START Supplied records

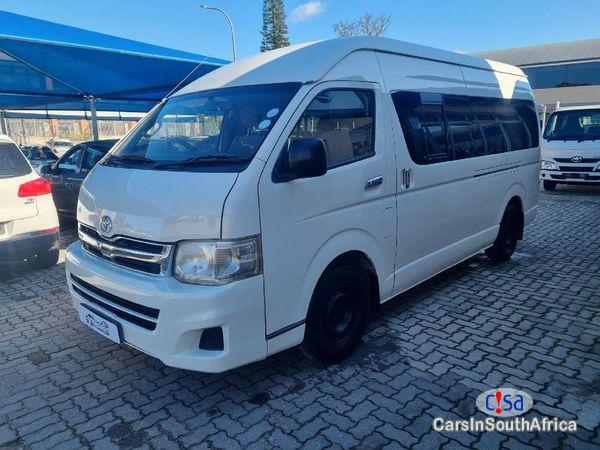 Toyota Quantum GL 2.5 D-4D Manual 14-Seats Manual 2012 - image 2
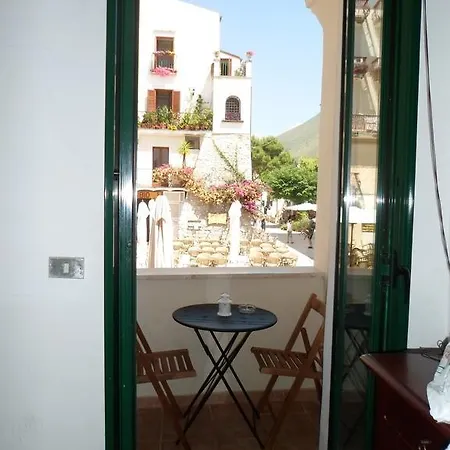 Casa Cardi Lägenhet Sperlonga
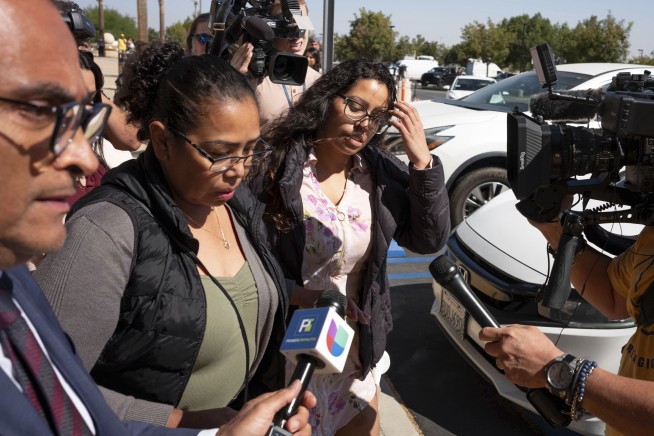 Suspect in ambush killing of LA deputy pleads not guilty due to insanity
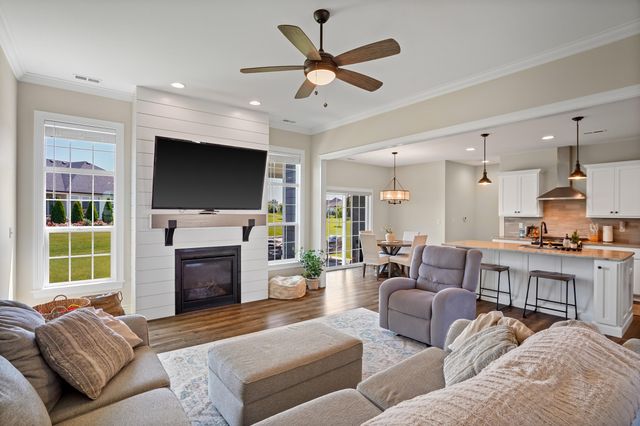 1104 SHADOW HAWK CT, Columbia, MO 65201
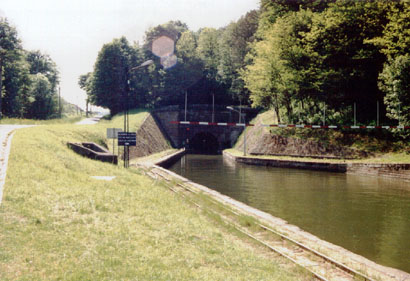 Ein Tunnel für Boote!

END Supplied records

To do | Return the entries above exactly, skipping any images.

Solution to this task |
 Toyota Quantum GL 2.5 D-4D Manual 14-Seats Manual 2012 - image 2
 Casa Cardi Lägenhet Sperlonga
 Suspect in ambush killing of LA deputy pleads not guilty due to insanity
 1104 SHADOW HAWK CT, Columbia, MO 65201
 Ein Tunnel für Boote!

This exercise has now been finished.